En situant le phénomène de l'automatisation massive dans les années 1920, Iron Harvest se fait laboratoire fictionnel en posant une simple question: comment une société encore largement agraire absorberait un tel choc technique ?
Géopolitique alternative
Prey ou la Guerre Froide réinventée
Prey (2017) imagine un monde alternatif où la survie de Kennedy à l'attentat de 1963 change radicalement le cours de l'Histoire. Les États-Unis et l'URSS ne s'affrontent plus et décident de coopérer dans les domaines scientifiques et technologiques. Cette alliance -aussi surprenante qu'inédite-entre Kennedy et Khrouchtchev se concrétisera par Talos I, la première station spatiale internationale créée à part égale entre les deux géants. Las, on ne refait pas l'Historie et de nombreux imprévus viennent détériorer le climat avant le fatal incident de Pobeg. Survenu en 1980, des Typhons (forme de vie extra-terrestre) envahissent la station et massacrent l'épique scientifique. Et la guerre un temps suspendu entre l'URSS et les USA reprend.

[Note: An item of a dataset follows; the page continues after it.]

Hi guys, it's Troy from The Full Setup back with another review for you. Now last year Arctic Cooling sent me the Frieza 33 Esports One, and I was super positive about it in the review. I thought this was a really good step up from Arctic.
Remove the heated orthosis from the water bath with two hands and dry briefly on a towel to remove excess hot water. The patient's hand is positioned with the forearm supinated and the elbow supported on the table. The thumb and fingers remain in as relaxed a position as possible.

Homefront et l'inversion hégémonique
La série Homefront opère une inversion à 180 degré puisque la Corée du Nord est parvenue à conquérir… les États-Unis ! Aucun jeu ne matérialise mieux l’angoisse de l'hégémonie déclinante que celui-ci ! La Corée du Nord, traditionnellement perçue comme un État-paria technologiquement arriéré, devient tout à coup la pièce maîtresse du jeu géopolitique.
Par ailleurs, le gameplay qui consiste à reproduire, manette en main, la résistance urbaine acquiert ici une dimension métacritique puisque les mécaniques de guérilla employées contre l'occupant coréen sont les mêmes que celles qui furent historiquement employées contre les G.I.

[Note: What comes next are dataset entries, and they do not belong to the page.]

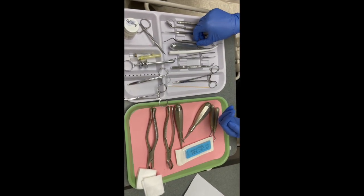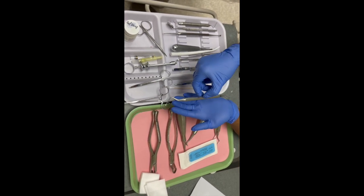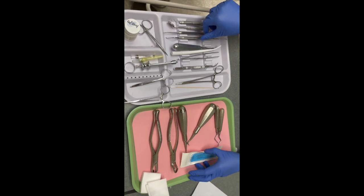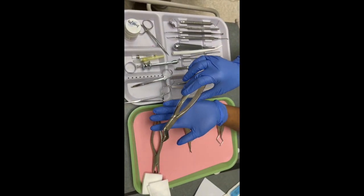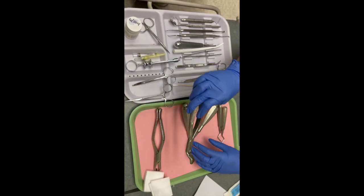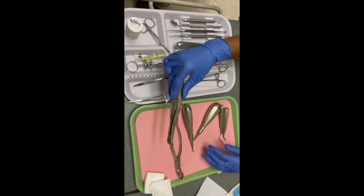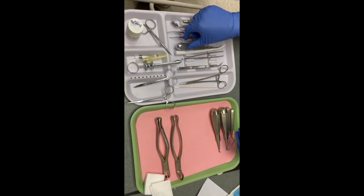Next you have your periosteal elevator to cut periosteal ligaments and to use when the implant is in deep. You have your universal mandibular forceps to extract the mandibular, and then your universal maxillary forceps — I think I picked them up a little backwards — but those help to remove the maxillary and mandibular teeth.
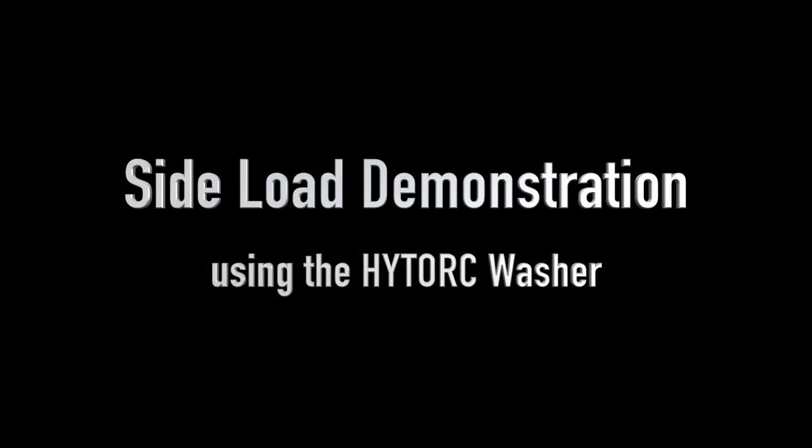This video provides a brief demonstration of the side load forces involved with traditional bolting and how these side load forces are eliminated with the use of the high torque reaction washer.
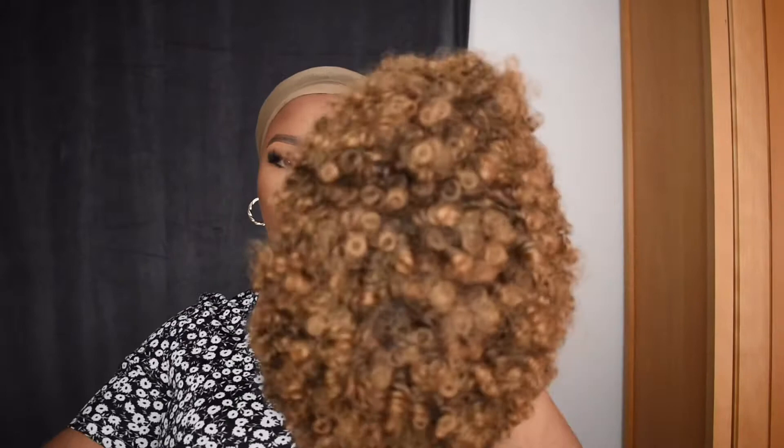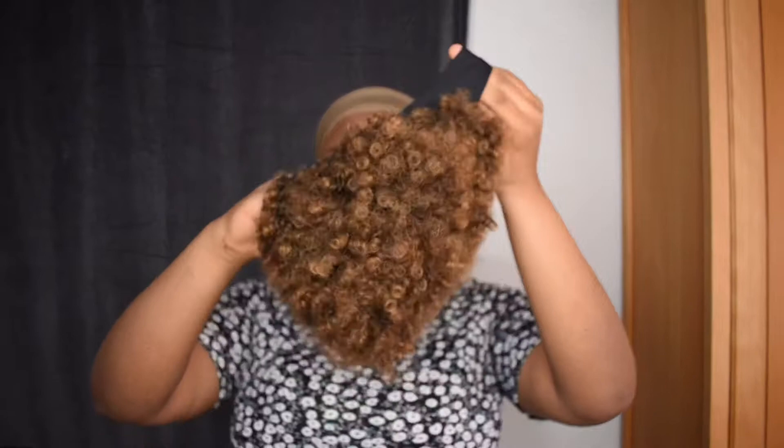Ever since I got this wig last week, I've just been rocking it non-stop because I'm always going out. Let me show you guys the wig. I never expected this hair to be really really nice — where I got it from, there aren't many reviews, so I decided to try it out and I really love it.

Les mondes d'après la catastrophe
Metro: l'apocalypse en tant que pierre d’achoppement
La série Metro parle de notre résilience civilisationnelle. En situant l'action dans les entrailles de Moscou, Gloukhovski explique comment la station de métro se fait socle d'une refondation aussi bien sociale que politique. Initialement lié à la mobilité, le métro se mue en un écosystème politique fragmenté. Chaque station est désormais dotée de son propre gouvernement qui diffère souvent de celui de sa voisine.
Cette troublante géographie souterraine sous-entend que l'effondrement civilisationnel ne produirait pas de véritable table rase idéologique. Contrairement aux utopies révolutionnaires qui postulent la possibilité d'un "homme nouveau", Metro préfère explorer la permanence des structures mentales. Les survivants reproduisent spontanément les clivages du monde d'avant (fascisme, communisme, théocratie…) comme si ces formes politiques constituaient des invariants anthropologiques.
En sciences politiques, on parle alors de "dépendance au sentier". Les sociétés humaines tendraient à se reconstruire sur les mêmes schémas organisationnels et ceci même si leur environnement s’est entretemps radicalement transformé.
Selon Metro, l'apocalypse ne libère pas l'humanité de son histoire, mais la condense. L’innocence politique n’a jamais existé et n'existera jamais.
Atomfall: une histoire de réalisme spéculatif
Ici les développeurs se concentrent sur l'amplification d’un dysfonctionnement réel en prenant pour point de départ l'incident de Windscale. Cette toute première catastrophe nucléaire civile occidentale fut largement occultée à l'époque et un voile opaque l'entoure encore de nos jours. Atomfall s'envisage alors comme une variation autour du devoir de mémoire.
Le drame de Windscale fut minimisé, euphémisé (on préfère parler d'"incident" plutôt que d' "accident") et ses conséquences sanitaires furent dissimulées pendant des décennies. Atomfall opère donc une sorte de "correction uchronique" en transformant une partie de l'Angleterre rurale en zone de quarantaine aux normes juridiques et civilisationnelles habituelles suspendues. Cette géographie de l'abandon évoque les "zones grises" contemporaines - camps de réfugiés, territoires contaminés, banlieues désindustrialisées - où l'État teste ses propres limites.